*Task objective*
The lines wanted are those from the one containing "Kurła nawet na wydmach" to the last line of the entries below; output them exactly, leaving out pictures.

········

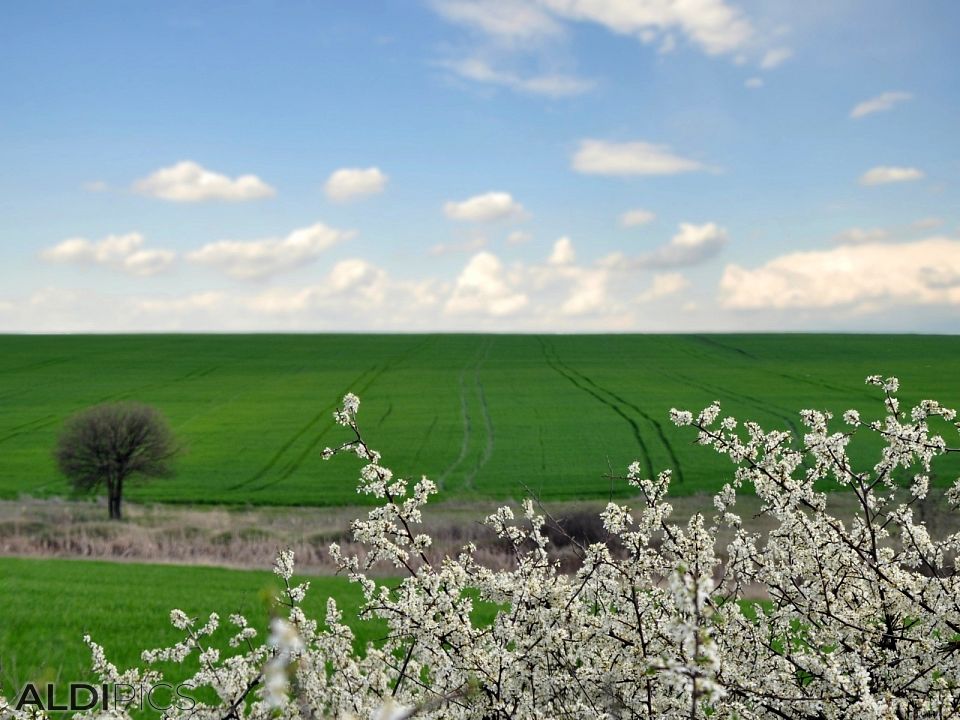 Spring landscape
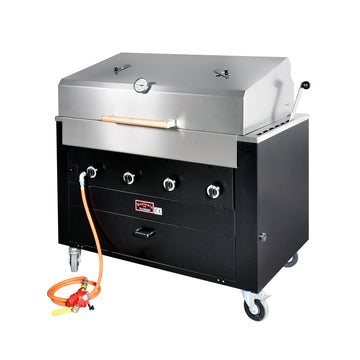 Beelonia Gas-Lava-Grill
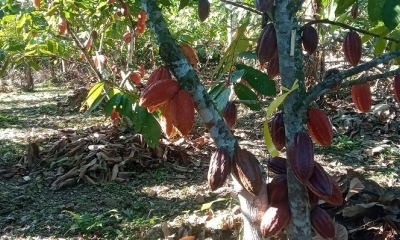 Cacao boliviano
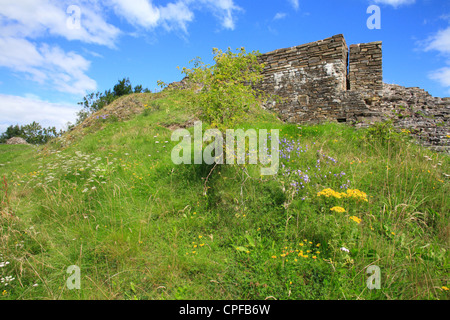 Fiori Selvatici crescente tra le rovine del castello di Dolforwyn, POWYS, GALLES. Foto Stock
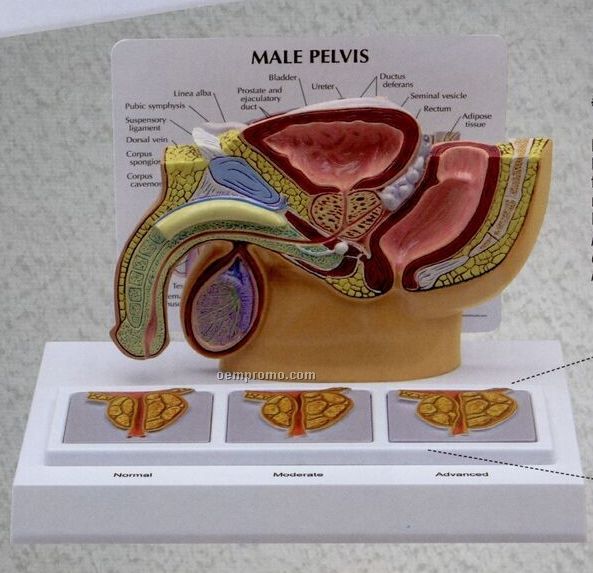 Anatomical Male Pelvis Model W/ 3d Prostate Frame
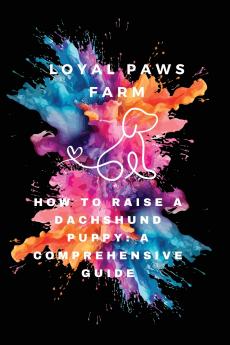 How to Raise a Dachshund Puppy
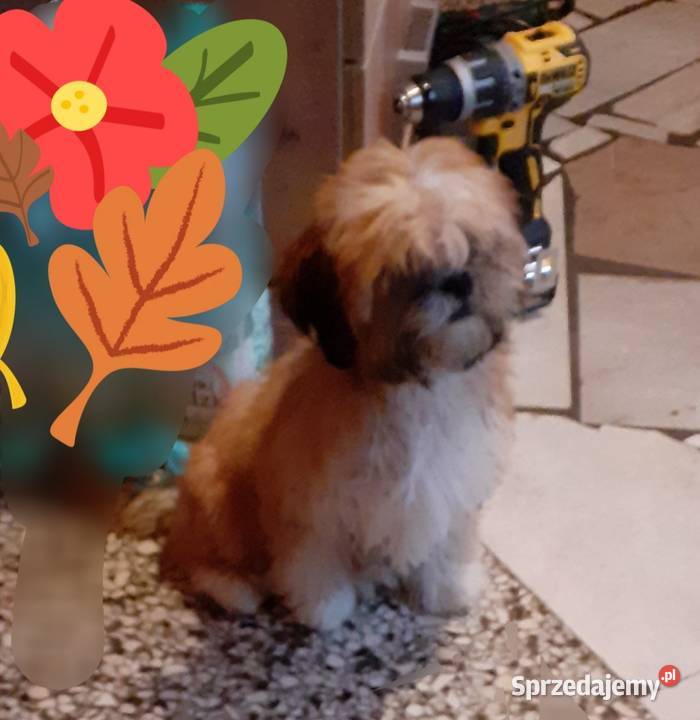 lhasa apso kuzyn shih tzu Wodzisław Śląski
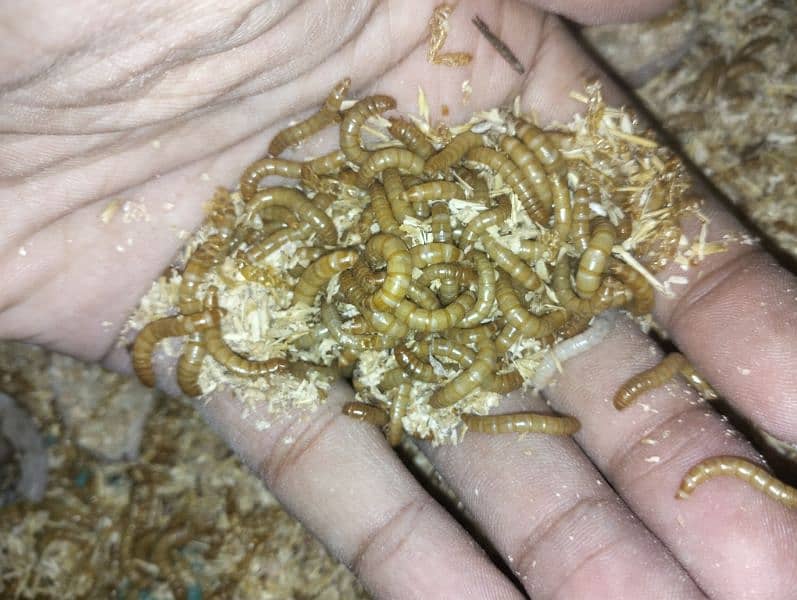Mealworms US Breed full size 3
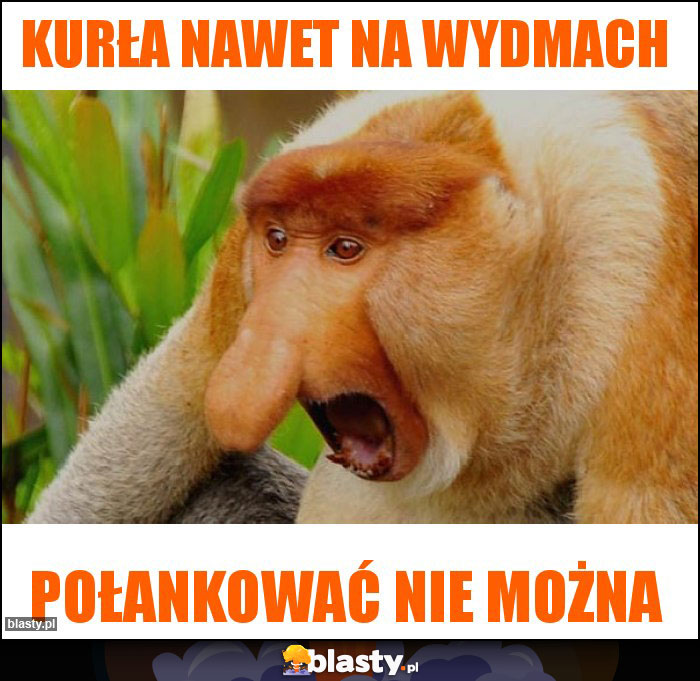 Kurła nawet na wydmach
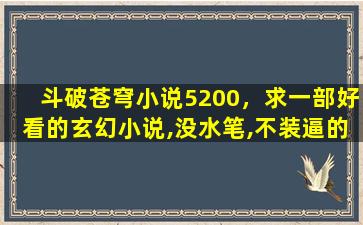 斗破苍穹小说5200，求一部好看的玄幻小说,没水笔,不*的小说,比如斗破苍穹,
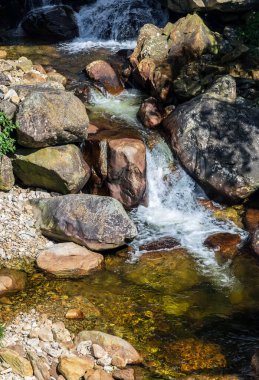 Ulusal Park Dağı Geçidi 'nde yağmur ormanlarında şelale, Vietnam' da Sapa. Kuzey Vietnam, Lao Cai Eyaleti 'nde popüler turist gezisi..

········

*Output for this task*
 Kurła nawet na wydmach
 斗破苍穹小说5200，求一部好看的玄幻小说,没水笔,不*的小说,比如斗破苍穹,
 Ulusal Park Dağı Geçidi 'nde yağmur ormanlarında şelale, Vietnam' da Sapa. Kuzey Vietnam, Lao Cai Eyaleti 'nde popüler turist gezisi..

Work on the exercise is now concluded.